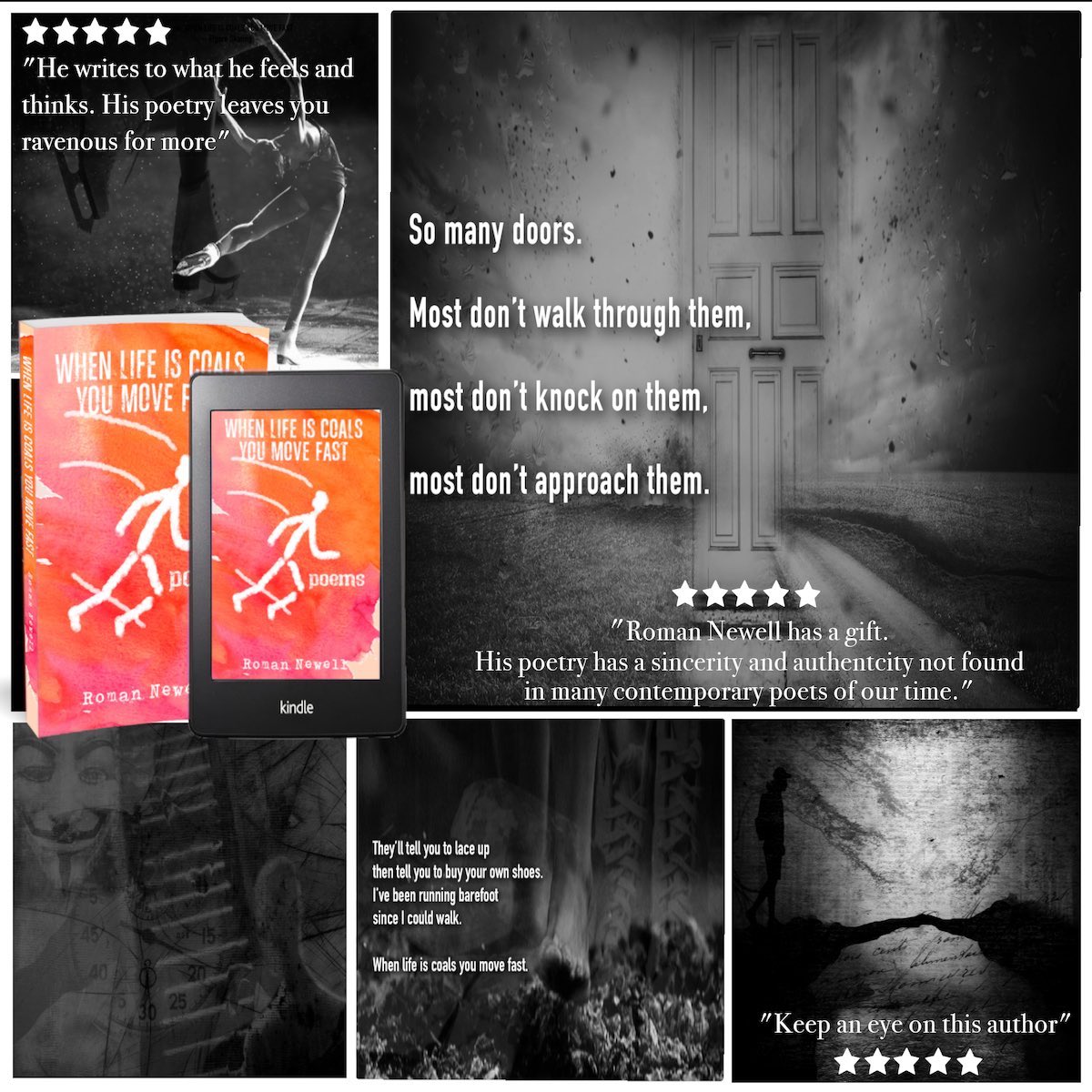 dajc_thoughts's tweet image. .
WHEN LIFE IS COALS YOU MOVE FAST
⭐️⭐️⭐️⭐️⭐️
by: Roman Newell
Poet | Author
@RomanNewell 

Signed &amp;amp; Personalized Paperbacks
bit.ly/RN-Coals

Ebook :
amzn.to/2V8mr71 

#movequickly #bookrecs #poetry #mustread #whenlifeiscoalsyoumovefast #writingcommunity #review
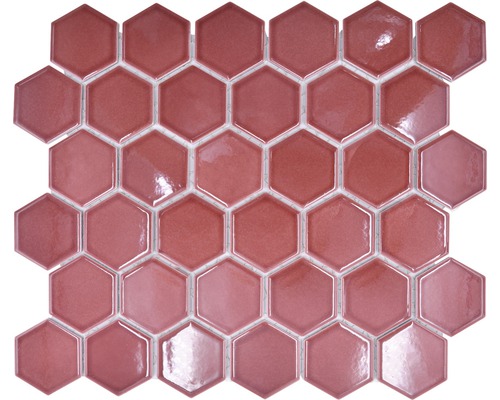 Keramikmosaik Hexagon Uni HX 540 32.5x28.1 cm bordeauxrot glänzend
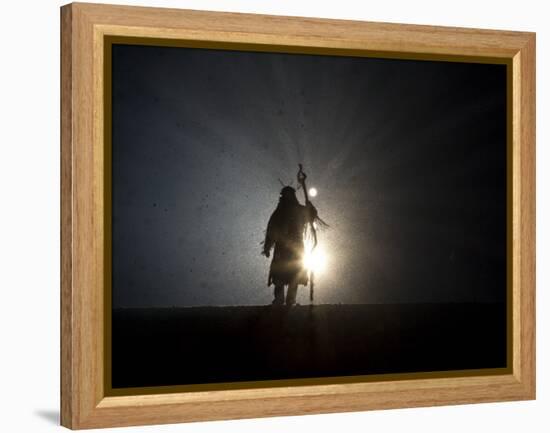 Performer is Silhouetted at the Opening Ceremonies for the XXI Olympic Winter Games in Vancouver-null-Framed Premier Image Canvas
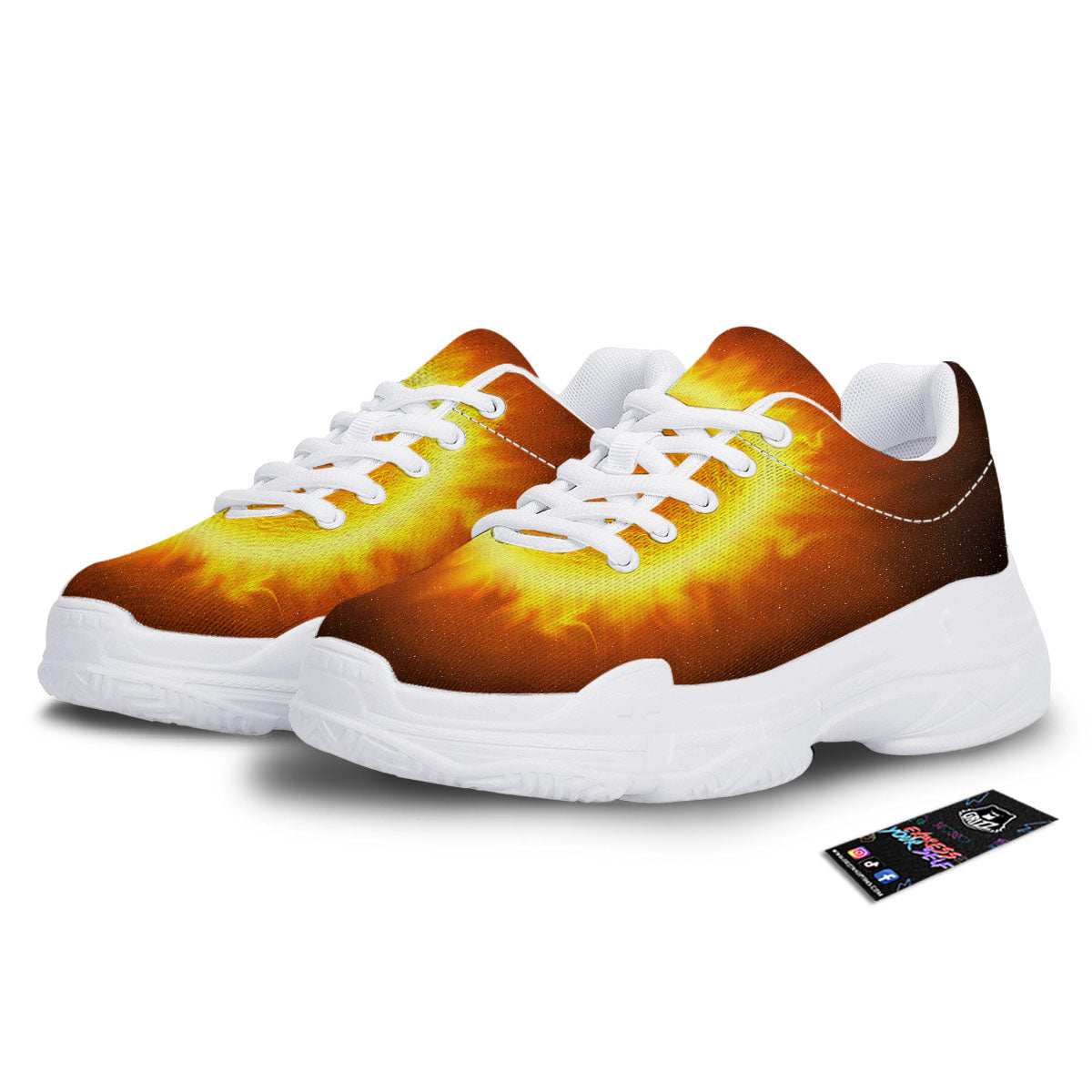 Flaming Sun Print White Chunky Shoes-grizzshop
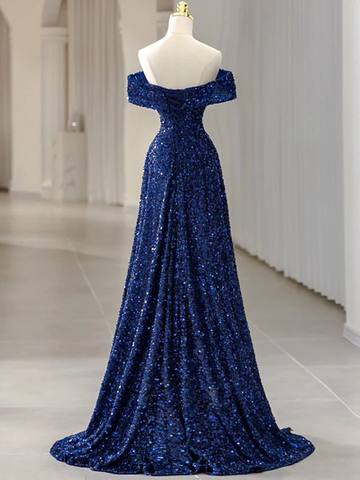 Vestido de noche corte A, elegante, formal, sin mangas, con hombros descubiertos, lentejuelas brillantes Y5789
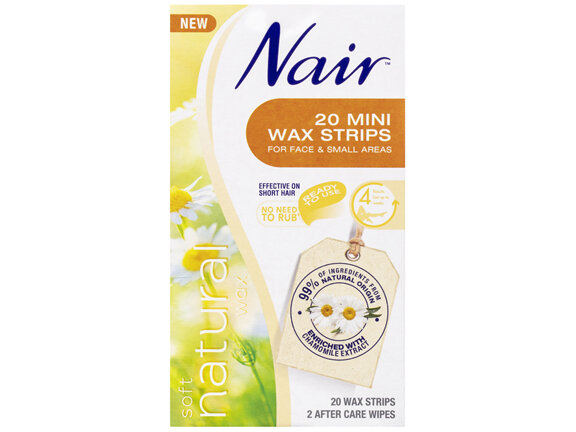 Nair Natural Mini Wax Strips | Face & Bikini | 20 pack 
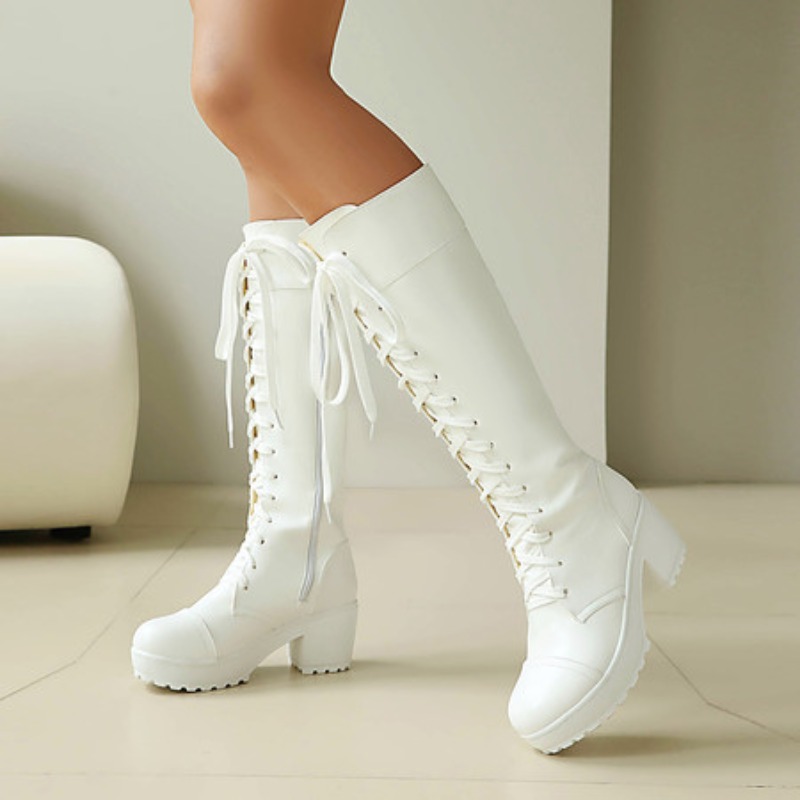 Womens Knee High Lace Up Comba - Guipure Lace Panel 评论和价格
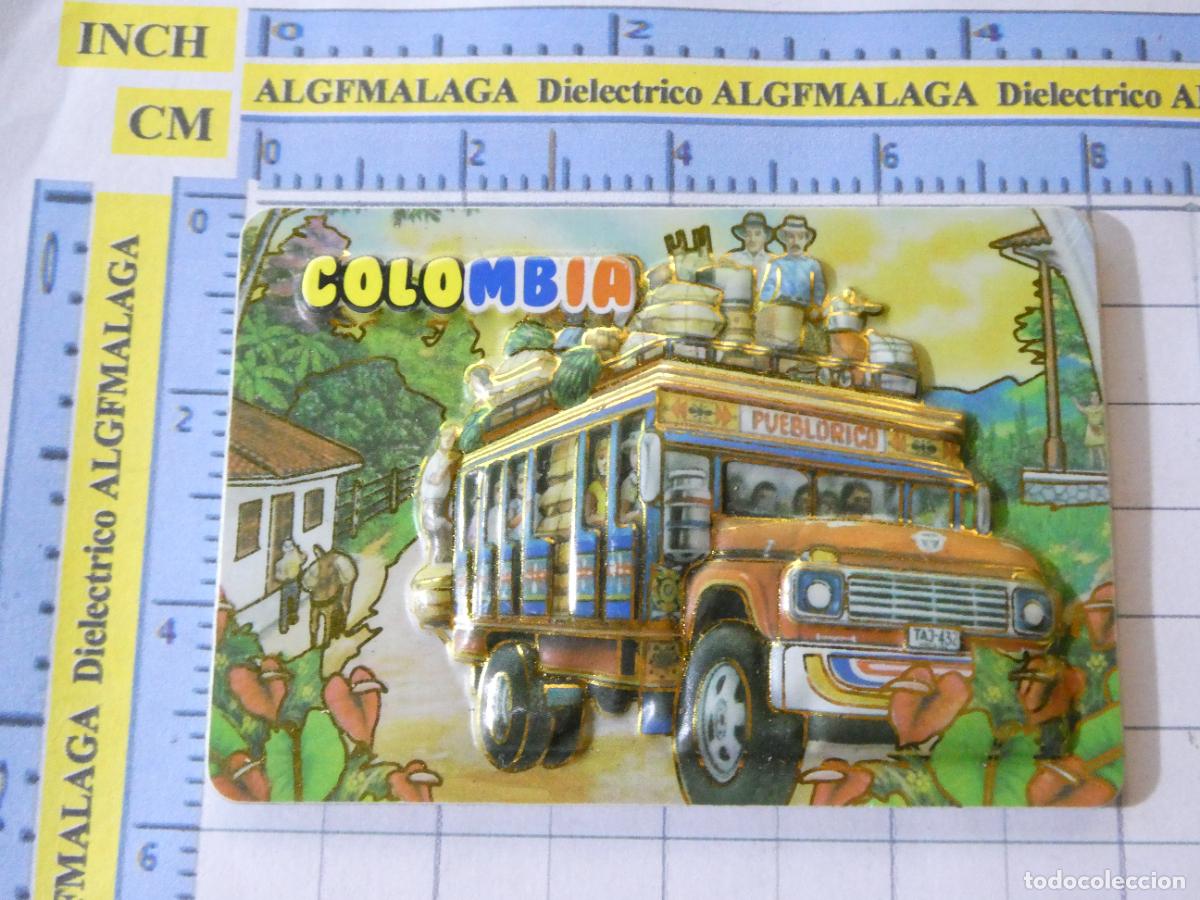 Coleccionismo: IM&Aacute;N DE NEVERA. SOUVENIR RECUERDO. COLOMBIA. TRADICIONAL AUTOB&Uacute;S CAMIONETA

________

_Exercise directions_. Wherever a picture appears, omit it; copy the rest of the data exactly.

_Written answer_.
 dajc_thoughts's tweet image. .
WHEN LIFE IS COALS YOU MOVE FAST
⭐️⭐️⭐️⭐️⭐️
by: Roman Newell
Poet | Author
@RomanNewell 

Signed &amp;amp; Personalized Paperbacks
bit.ly/RN-Coals

Ebook :
amzn.to/2V8mr71 

#movequickly #bookrecs #poetry #mustread #whenlifeiscoalsyoumovefast #writingcommunity #review
 Keramikmosaik Hexagon Uni HX 540 32.5x28.1 cm bordeauxrot glänzend
 Performer is Silhouetted at the Opening Ceremonies for the XXI Olympic Winter Games in Vancouver-null-Framed Premier Image Canvas
 Flaming Sun Print White Chunky Shoes-grizzshop
 Vestido de noche corte A, elegante, formal, sin mangas, con hombros descubiertos, lentejuelas brillantes Y5789
 Nair Natural Mini Wax Strips | Face & Bikini | 20 pack 
 Womens Knee High Lace Up Comba - Guipure Lace Panel 评论和价格
 Coleccionismo: IM&Aacute;N DE NEVERA. SOUVENIR RECUERDO. COLOMBIA. TRADICIONAL AUTOB&Uacute;S CAMIONETA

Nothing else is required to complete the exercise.